Patty Clark introduced her niece (also Dane’s niece and Jane’s granddaughter), Sarah Clark, who is program director at Southwest Detroit Environmental Vision where she manages the Clean Neighborhood as well as the Initiative for Healthy Business programs and is also a grant writer. She earned her BA Degree at and played hockey for Dartmouth and received a professional certification in Landscape & Nursery Management from MSU and is now pursuing a Master’s Degree in Urban Planning from the University of Michigan.
 
Sarah’s primary role with her employer is to work to improve the environmental quality of southwest Detroit addressing primarily pollution, contamination and blight issues in order to improve the quality of life of the people living in and around the area. One program she manages is the Clean Diesel Program. Sarah works with various industries to retrofit trucks to make them burn cleaner. She said that grants from the government have helped considerably and keep the program going. Another program she manages is the Walk to School Days program that encourages kids to walk to school in an effort to counter obesity. Sarah said that the Tire Seat program is her signature event in light of the fact that tires are plentiful in the Motor City! Through this program tires are sent to a company that mulches them for use in playground materials.
 
Her biggest project, she said, involves revitalizing vacant lots.
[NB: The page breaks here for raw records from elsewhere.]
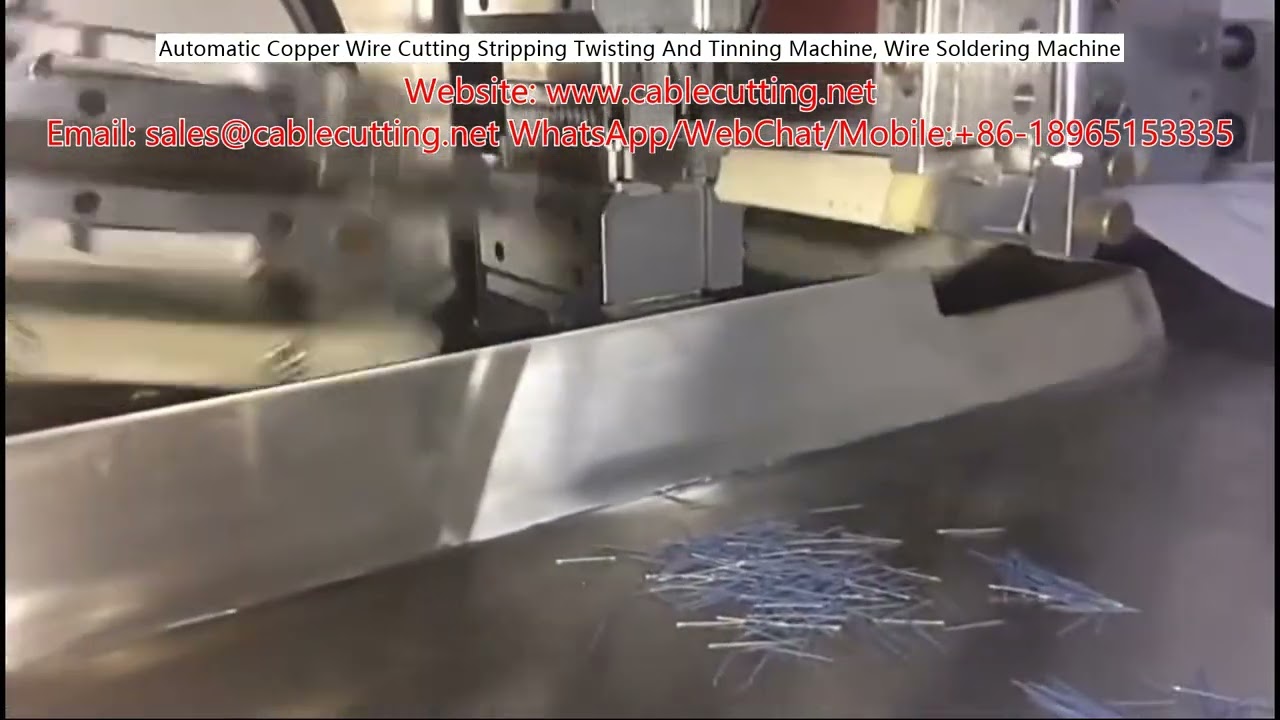 Automatic Copper Wire Cutting Stripping Twisting And Tinning Machine, Wire Soldering Machine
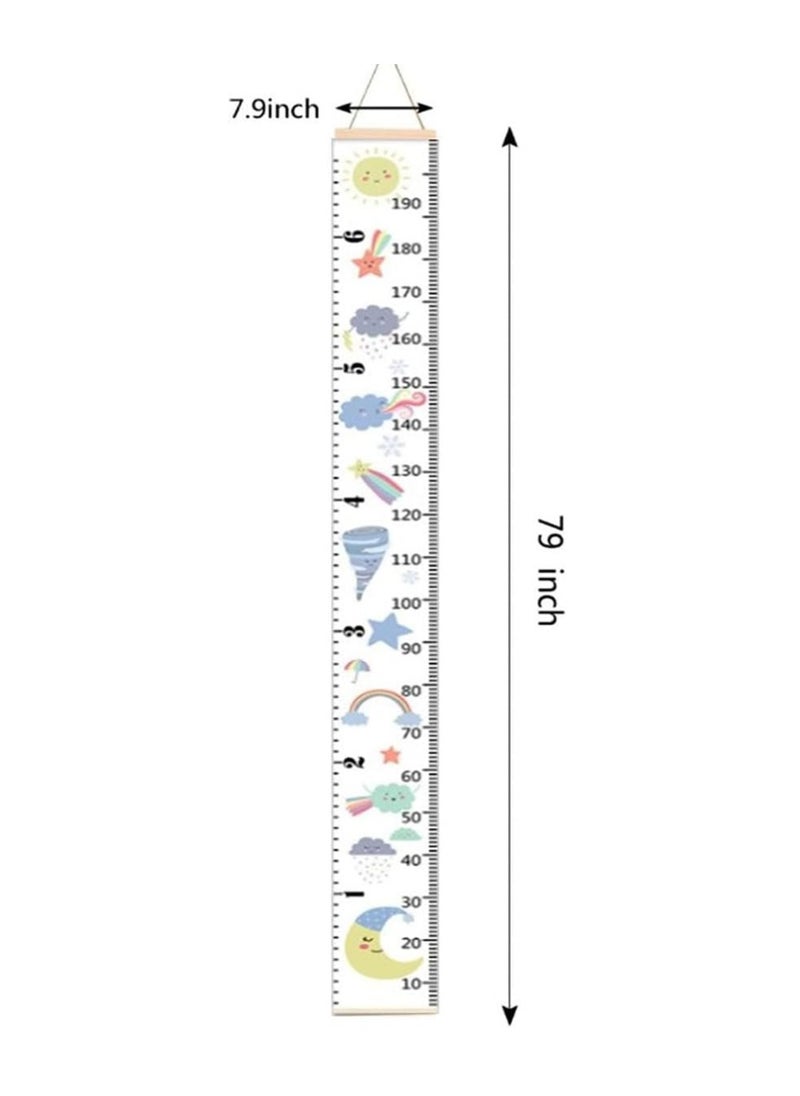 Gonice Height Growth Chart Ruler, Height Chart for Kids, Baby Wall Hanging Ruler, Height Measure Chart, Wall Chart for Room Decor Wall  - Image 2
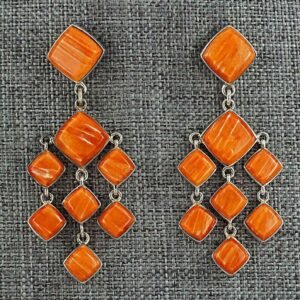 Spiny Oyster & Sterling Silver Earrings - Cathy Webster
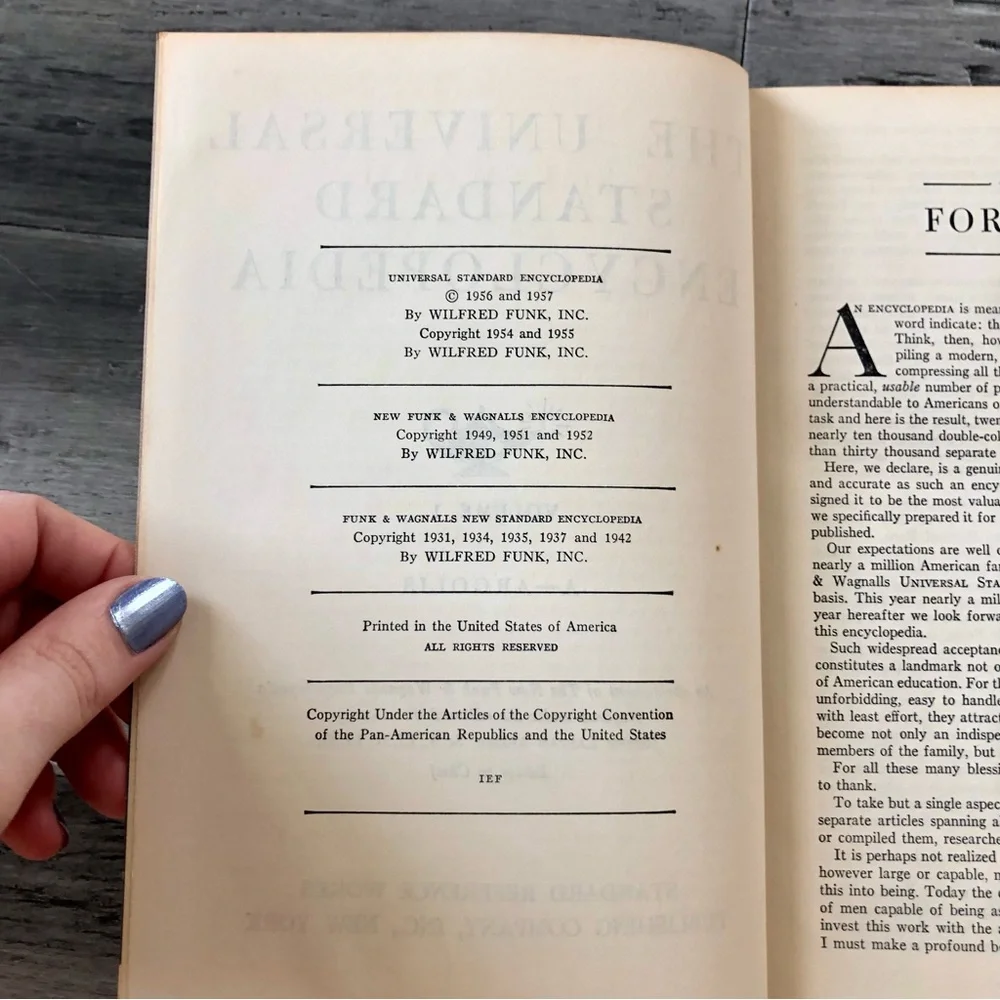 ❤️ LAST DAY Vintage 1957 MCM Funk & Wagnalls Standard Encyclopedia Hardback - Picture 5 of 5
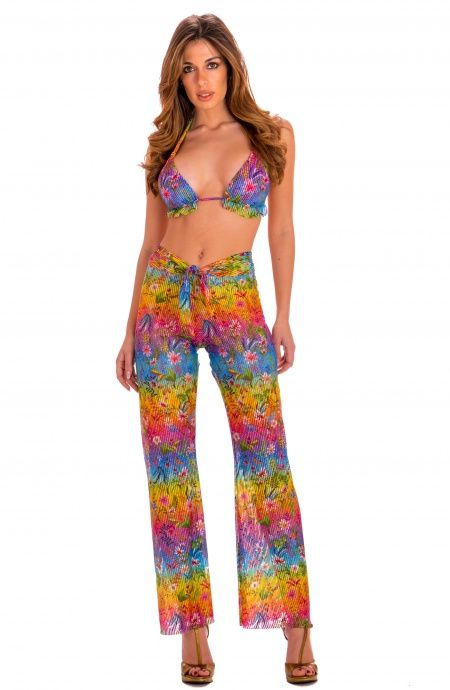 Pin Up Stars Pantalone Flower Rainbow Offerte stagionali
She has been working with a group called “Ideal” in the Clark Park neighborhood near what used to be an old Cadillac plant that involve residents and other businesses in the area who have already invested over 6,000 man hours to develop a perennial and recreational garden which is actually a series of interlocking circles which Sarah designed herself!
 
On the very same street, residents were looking for a way to grow vegetables so across from the Clark Street plant on what was once an enclosed executive parking lot now vacant. Shipping crates from General Motors that were re-purposed were laid on top of the asphalt lot to grow vegetables! This area of some 3,000 square feet has become a great gathering place for residents who get together every Saturday to take care of the garden and take whatever they need for their own use.  Everything that is taken from the garden that can’t be used goes to a local compost site. Kids also help out by bringing used tires into the garden, paint them and hang them around the fence surrounding the lot. They then take the used paint cans and place flowers in them and stick them in the tires!
 
Sarah deserves much credit for bringing people together, re-purposing materials that would otherwise end up in a landfill, ending blight in rundown neighborhoods, and providing food for area residents! Very informative presentation, Sarah. Keep up the wonderful work in this part of Greater Detroit! Her work has appeared in many national magazines.